What is required:
The line containing "NO WAY! Lakers" marks the start of the required copy, which runs to the final line of the entries; return those lines exactly, without any pictures.

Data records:
%%
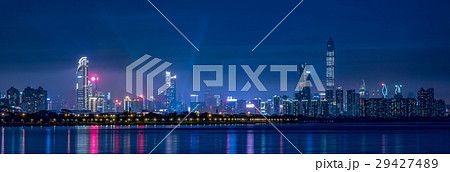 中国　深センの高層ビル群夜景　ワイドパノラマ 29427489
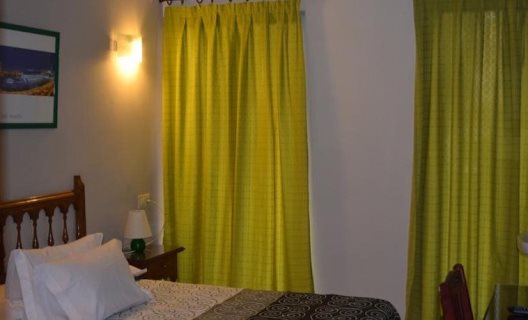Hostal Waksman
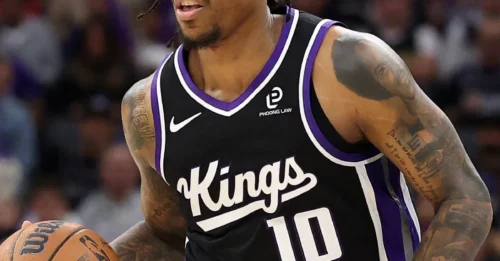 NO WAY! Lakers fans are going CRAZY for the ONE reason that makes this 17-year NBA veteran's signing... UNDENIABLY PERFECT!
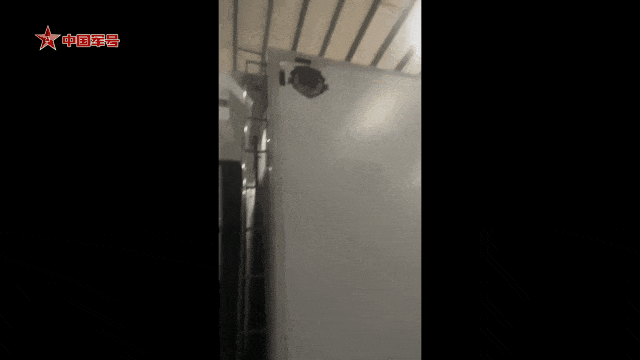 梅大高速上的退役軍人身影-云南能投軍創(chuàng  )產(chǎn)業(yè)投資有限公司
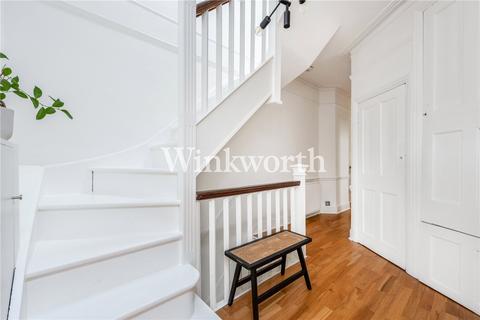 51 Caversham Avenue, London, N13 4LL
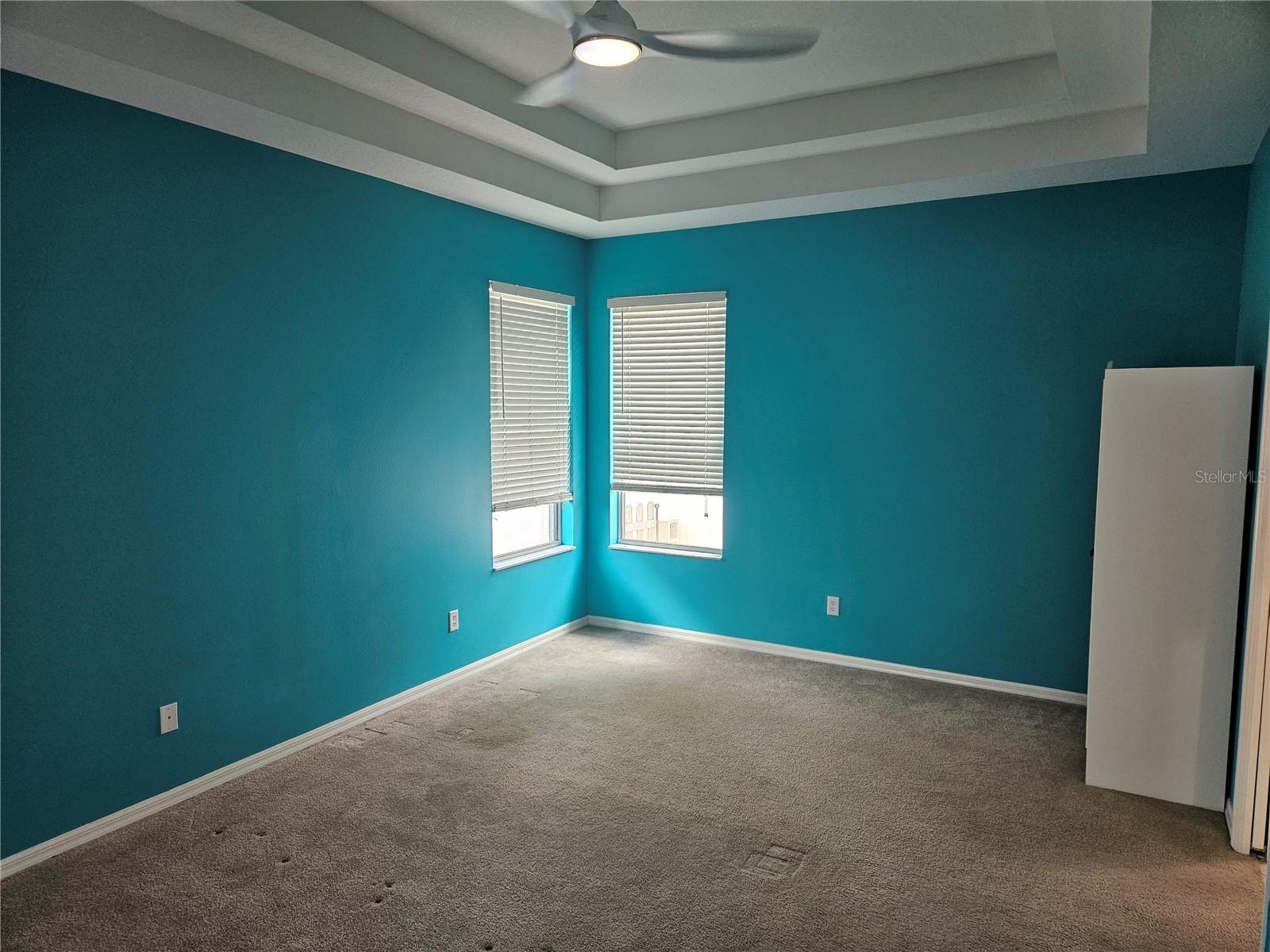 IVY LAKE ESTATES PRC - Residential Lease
%%
Expected answer:
 NO WAY! Lakers fans are going CRAZY for the ONE reason that makes this 17-year NBA veteran's signing... UNDENIABLY PERFECT!
 梅大高速上的退役軍人身影-云南能投軍創(chuàng  )產(chǎn)業(yè)投資有限公司
 51 Caversham Avenue, London, N13 4LL
 IVY LAKE ESTATES PRC - Residential Lease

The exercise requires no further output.